# Good Braking without doing Big Brake Swap



## Sentra GTR-1 (Aug 2, 2002)

Yo B13 and B14 guys, you guys want good braking without doing the big brake upgrade? Hes a great setup that works really well.....it works great for me at least.

Brembo cross drilled and slotted rotors
Stillen Metal Matrix Brake Pads (stillen pads have good bite)
Goodridge stainless steelbrake lines (firms up the pedal feel)
Motul DOT4 Brake Fluid (higher boiling point)
Flush the entire brake system and replace old brake fluid with the good stuff- Motul and you got some pretty good brakes for our little cars! As insurance you can always change the rear drum brakes as well with genuine Nissan parts to.


----------



## bahearn (Jul 15, 2002)

You forgot to list gutting the interior to reduce weight by ~250 pounds.

Have you driven Sentra with any brake upgrade? I have. The difference wasn't obvious (to me) on the street but was a night-and-day difference on the track.

Stock AD18 works pretty good, though, on a gutted race car with very aggressive pads.


----------



## Guest (Aug 18, 2002)

> *...Here's a great setup that works really well.....it works great for me at least.
> 
> Brembo cross drilled and slotted rotors
> Stillen Metal Matrix Brake Pads (stillen pads have good bite)
> ...


I offer a similar kit, but at a discounted price.

However, I would not recommend the Motul fluid unless you plan on changing it often(every 6 months).

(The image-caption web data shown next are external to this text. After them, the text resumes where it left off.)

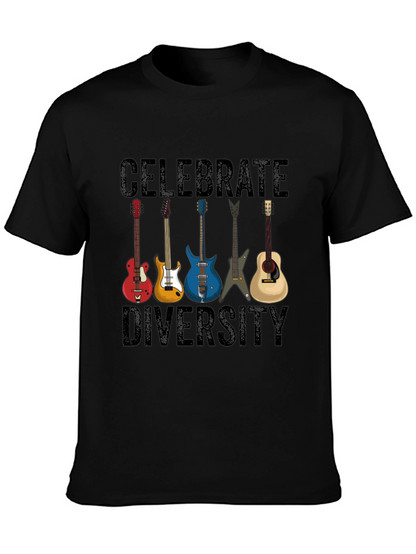 Celebrate Diversity Guitar T-Shirt - Music Lover Tee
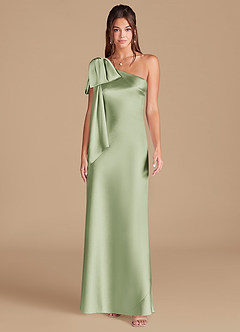 Azazie Capri Robes de demoiselle d'honneur Robe Fourreau en Satiné métallisé Ue épaule Vert Sauge image3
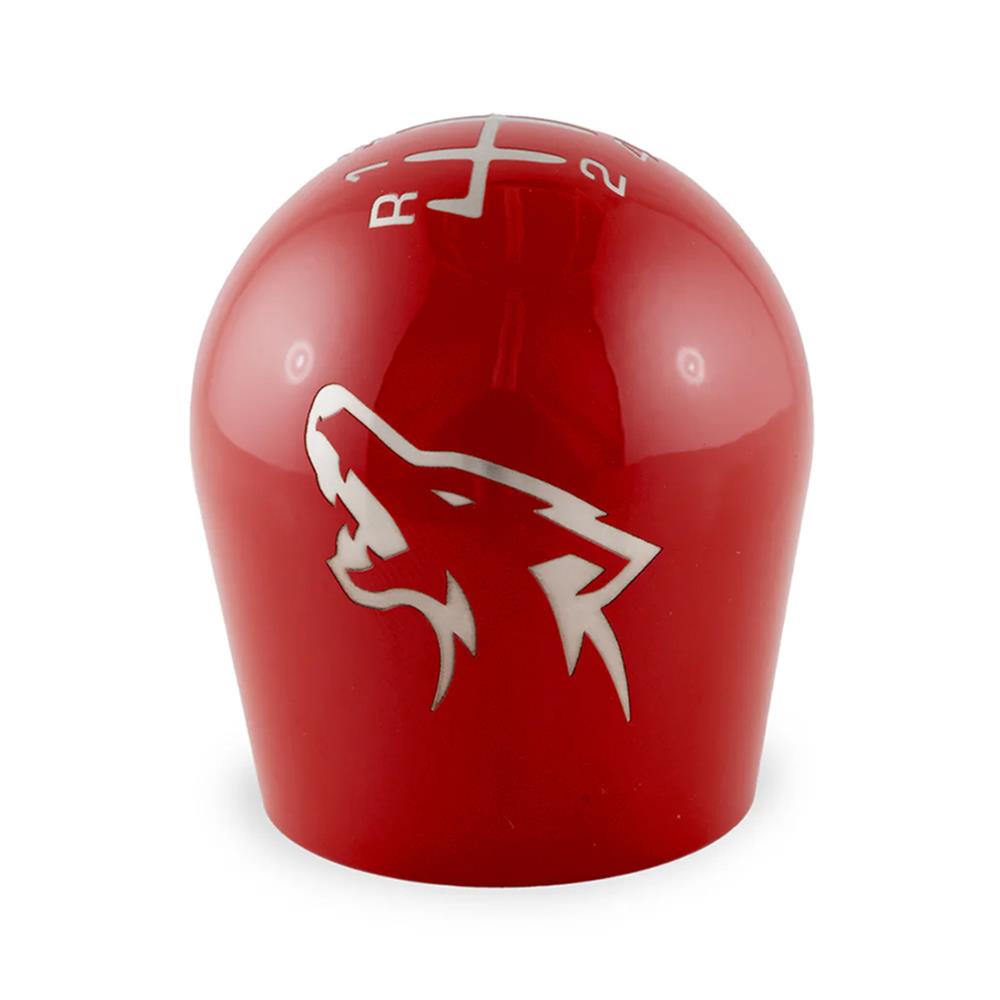 2015-26 Mustang Billetworkz Weighted Shift Knob - Coyote Engraved - Gloss Red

It's moisture absorption rating is not as good as a number of DOT4 fluids, like Ate Super Blue fluid or Ate Type200.

Meanwhile, Technafit s/s lines are superior to Goodridge as they offer swivel females and rubber sleeves to keep unwanted dirt away from your line connections. FYI, the founder of Technafit was formerly a partner of Goodridge. 

Stillen's pads are repackaged PBR Metal Master pads.

Just my two cents.


----------